The rest of the team include…

Matt – IT dork in both worlds. His connection to the game frequently fails, leaving him in-game as unresponsive at crucial moments.

Kester – the team’s Security expert. Introduced in the opening of episode one, blowing the deep cover she’d been under at Cole-North, on their battleship ​Juno.
​ She’s very glad to be back with her clan-mates, and has missed them. She’s used to really drive home the sacrifice Kieran makes. In the real-world she lives not far from Ciaran, and they have some friendly chance encounters, unaware of each other’s in-game personas, of course. Ultimately, North’s actions lead her to quit the game at the end of the series.

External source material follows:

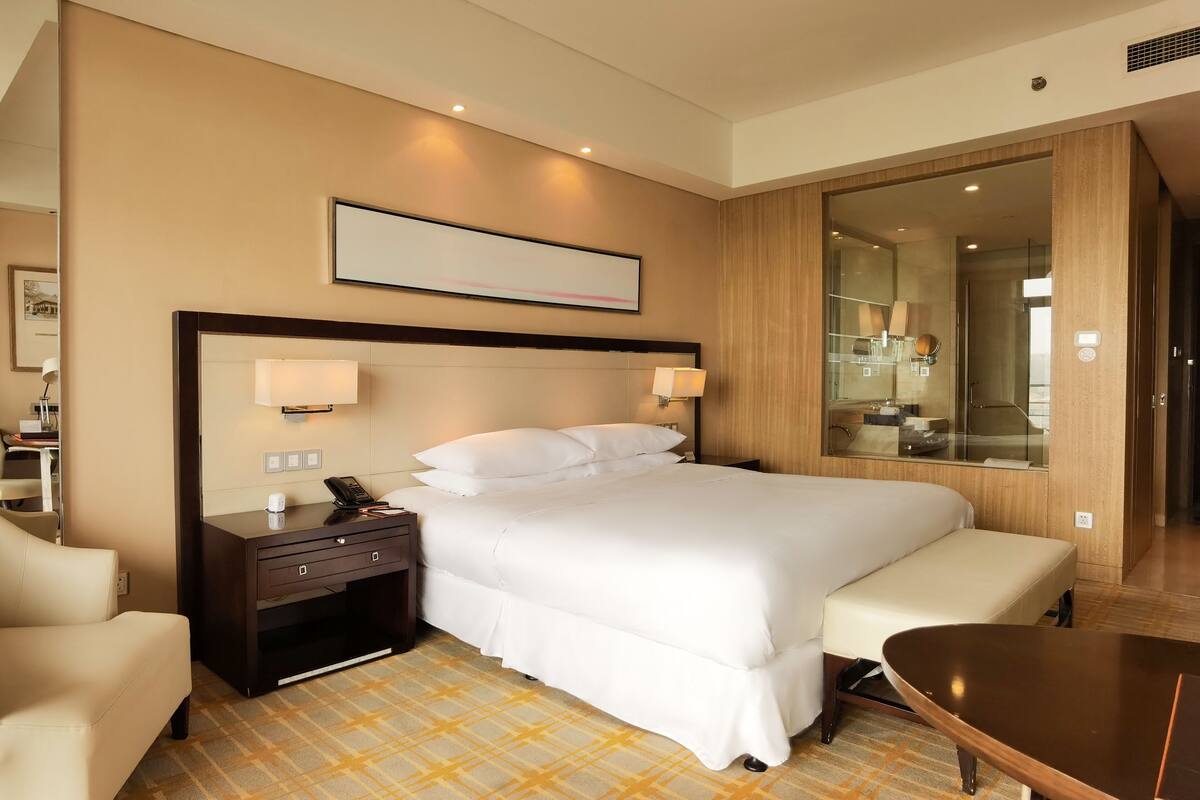 Une chambre d’hôtel avec un grand lit, des tables de chevet, un bureau et un coin salon.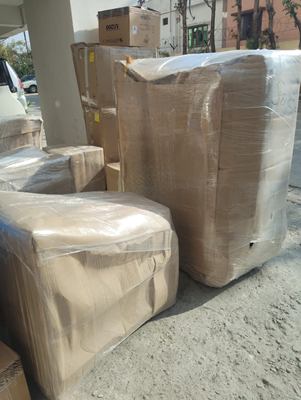 A wrapped sofa and other packed furniture standing outside on a driveway.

Jay-Gee – At times reckless, puerile. Other times, thoughtful and elegant. This allegory for bipolar disorder comes to light at the series conclusion when it’s revealed they are brother and sister, sharing an account. With natural changes in their real-world circumstances, as well as the in-game loot from the heist, they go on to each have their own characters, and set up something akin to capo regimes.

The Cole-North organisation is painted as a massive, wealthy, and evil enterprise. This makes the plotting against them, the sneak attacks, the scope and planning of the heist so justifiable to the audience. Over there in Cole-North, the audience build up a rapport with one single ensign initially assigned to the ​Juno
​ .
Esther – She’s a likeable, obliging, twenty-something. In-game she wants to loyally work her way up the ranks. In the other world, she’s an almost radical advocate for animal rights and veganism; often forced to work against her strict ethics in order to cave two cents to rub together. Her character is a dichotomy. She’s Matt’s ex, though only the viewers are ever made aware of this; the opposing sides in the game battles unaware who the faceless other parties are.

Cole – co-founder of Cole-North back in the day. Given the way his Corporation has grown, its size as well as direction, along with North’s bitter focus, he’s portrayed as a morally rotten, real-world loser. As is happens, he’s a very pleasant family-man, and a veterinarian. To him it’s
all a very fun, engaging, game. He – if any of the characters – is actually interested in making a difference back in the real-world.

This is ultimately the reveal, and the core arc, for season one. It’s the story on which the other plots, observations, and episodes are carried along with. Also, spaceships! Lasers! Rocks!